The finished draft of “Tarred” is seen through the eyes of a young woman, Huldah, who is shunned by her Mennonite church for refusing to wear a head covering; she claims that God gave her permission when she was swept up in the eye of a tornado. Everyone thinks Huldah is crazy, since she has “spells” and cannot read or write. Her parents beg her to quietly recover her head, but she refuses. A tiger begins to show up during Huldah’s spells, and tells her to aufpausse — wait — to stay in her community, live with her family that forces her to eat at her own table. The tiger tells her she will be needed. She learns how to use a gun — something that is forbidden. Her father refuses to buy war bonds.
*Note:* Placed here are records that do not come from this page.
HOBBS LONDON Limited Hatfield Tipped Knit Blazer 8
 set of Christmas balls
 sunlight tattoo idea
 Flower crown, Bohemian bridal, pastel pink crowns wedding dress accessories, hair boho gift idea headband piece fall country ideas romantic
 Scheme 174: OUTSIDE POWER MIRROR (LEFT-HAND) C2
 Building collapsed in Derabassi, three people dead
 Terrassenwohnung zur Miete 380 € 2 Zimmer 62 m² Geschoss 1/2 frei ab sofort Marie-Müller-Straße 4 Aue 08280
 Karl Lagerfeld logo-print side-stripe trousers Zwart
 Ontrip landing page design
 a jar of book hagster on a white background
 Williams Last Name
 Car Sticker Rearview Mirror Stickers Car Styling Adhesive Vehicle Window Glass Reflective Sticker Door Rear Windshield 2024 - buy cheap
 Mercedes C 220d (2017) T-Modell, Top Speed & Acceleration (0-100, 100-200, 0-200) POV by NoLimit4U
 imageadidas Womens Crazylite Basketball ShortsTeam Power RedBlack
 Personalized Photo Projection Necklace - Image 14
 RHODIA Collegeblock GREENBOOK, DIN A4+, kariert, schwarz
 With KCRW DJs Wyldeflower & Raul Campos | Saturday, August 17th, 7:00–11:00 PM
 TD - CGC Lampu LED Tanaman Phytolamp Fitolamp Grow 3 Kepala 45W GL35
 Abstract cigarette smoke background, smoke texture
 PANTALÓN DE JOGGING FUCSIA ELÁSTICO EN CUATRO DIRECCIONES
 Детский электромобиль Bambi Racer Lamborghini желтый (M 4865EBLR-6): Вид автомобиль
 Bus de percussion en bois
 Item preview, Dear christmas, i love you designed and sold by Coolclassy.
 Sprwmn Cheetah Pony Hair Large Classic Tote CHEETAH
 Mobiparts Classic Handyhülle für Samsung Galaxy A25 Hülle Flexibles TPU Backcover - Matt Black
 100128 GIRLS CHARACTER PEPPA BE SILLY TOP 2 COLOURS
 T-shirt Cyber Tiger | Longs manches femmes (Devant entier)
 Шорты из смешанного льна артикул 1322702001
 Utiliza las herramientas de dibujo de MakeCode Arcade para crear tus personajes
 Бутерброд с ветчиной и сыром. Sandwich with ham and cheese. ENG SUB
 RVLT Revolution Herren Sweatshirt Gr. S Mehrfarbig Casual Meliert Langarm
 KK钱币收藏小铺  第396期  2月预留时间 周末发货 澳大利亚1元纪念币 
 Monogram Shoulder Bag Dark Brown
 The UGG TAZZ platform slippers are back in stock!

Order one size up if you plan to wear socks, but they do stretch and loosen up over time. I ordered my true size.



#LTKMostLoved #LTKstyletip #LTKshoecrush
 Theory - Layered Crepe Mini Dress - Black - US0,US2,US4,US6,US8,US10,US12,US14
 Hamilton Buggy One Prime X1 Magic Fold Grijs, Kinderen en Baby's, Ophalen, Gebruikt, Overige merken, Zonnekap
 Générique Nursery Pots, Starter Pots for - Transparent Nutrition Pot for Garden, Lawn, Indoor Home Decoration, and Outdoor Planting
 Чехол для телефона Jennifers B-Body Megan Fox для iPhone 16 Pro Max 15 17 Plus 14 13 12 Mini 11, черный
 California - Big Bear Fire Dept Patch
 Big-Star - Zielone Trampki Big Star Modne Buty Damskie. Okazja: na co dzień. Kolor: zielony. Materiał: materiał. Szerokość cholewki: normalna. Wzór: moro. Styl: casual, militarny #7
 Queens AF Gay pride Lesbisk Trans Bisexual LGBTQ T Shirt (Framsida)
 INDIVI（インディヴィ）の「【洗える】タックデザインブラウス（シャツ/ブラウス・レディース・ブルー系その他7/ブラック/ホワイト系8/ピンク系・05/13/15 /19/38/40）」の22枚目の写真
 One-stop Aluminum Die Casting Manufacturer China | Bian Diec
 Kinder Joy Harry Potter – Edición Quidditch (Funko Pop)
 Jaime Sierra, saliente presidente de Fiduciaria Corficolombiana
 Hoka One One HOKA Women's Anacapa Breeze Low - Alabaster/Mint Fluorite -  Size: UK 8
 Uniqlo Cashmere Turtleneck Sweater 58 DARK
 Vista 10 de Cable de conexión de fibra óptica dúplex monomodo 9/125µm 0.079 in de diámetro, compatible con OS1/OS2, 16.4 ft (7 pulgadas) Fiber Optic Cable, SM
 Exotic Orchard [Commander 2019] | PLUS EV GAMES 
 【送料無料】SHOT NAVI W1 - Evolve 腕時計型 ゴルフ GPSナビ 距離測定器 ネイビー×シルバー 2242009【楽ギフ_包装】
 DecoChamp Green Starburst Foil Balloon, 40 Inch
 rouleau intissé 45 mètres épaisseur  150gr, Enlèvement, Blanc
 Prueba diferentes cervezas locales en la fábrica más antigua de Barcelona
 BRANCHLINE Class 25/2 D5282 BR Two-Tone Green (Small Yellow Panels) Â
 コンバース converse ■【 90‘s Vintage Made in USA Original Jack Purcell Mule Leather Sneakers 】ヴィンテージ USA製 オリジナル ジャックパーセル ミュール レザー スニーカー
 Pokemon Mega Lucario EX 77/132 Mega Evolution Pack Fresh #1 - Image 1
Men show up at her family’s home, her father hides, and Huldah gets her gun.
A writer once asked the oral historian Studs Terkel, in reference to how he turns forty-page transcribed interviews into only ten published pages: “How do you edit without hurting the truth?”
Terkel replied: “If anything, you highlight the truth. You get the essence of it. That becomes poetic… So the words are all the words of that person… you get the truth of that person italicized.”
There are no tornadoes, guns, spells, or tigers in the original story. But the heart of the story is true: the outsider is needed to grab what her faith rejects. My grandmother would have stridden out with a gun to stop those men, had she been old enough to hold one. My grandmother was an outsider — an uneducated young woman surrounded by educated men who forced her into one kind of life — but she would have done anything to protect her family.
She had been dead for nearly a decade by the time I wrote this story. I wonder how she would have liked it or any of the other stories. Probably she would wonder why I bothered with that old stuff, then why I added the drugs, sex, incest, and lesbians, but she probably would’ve read the whole book anyway. That’s what you do for your family.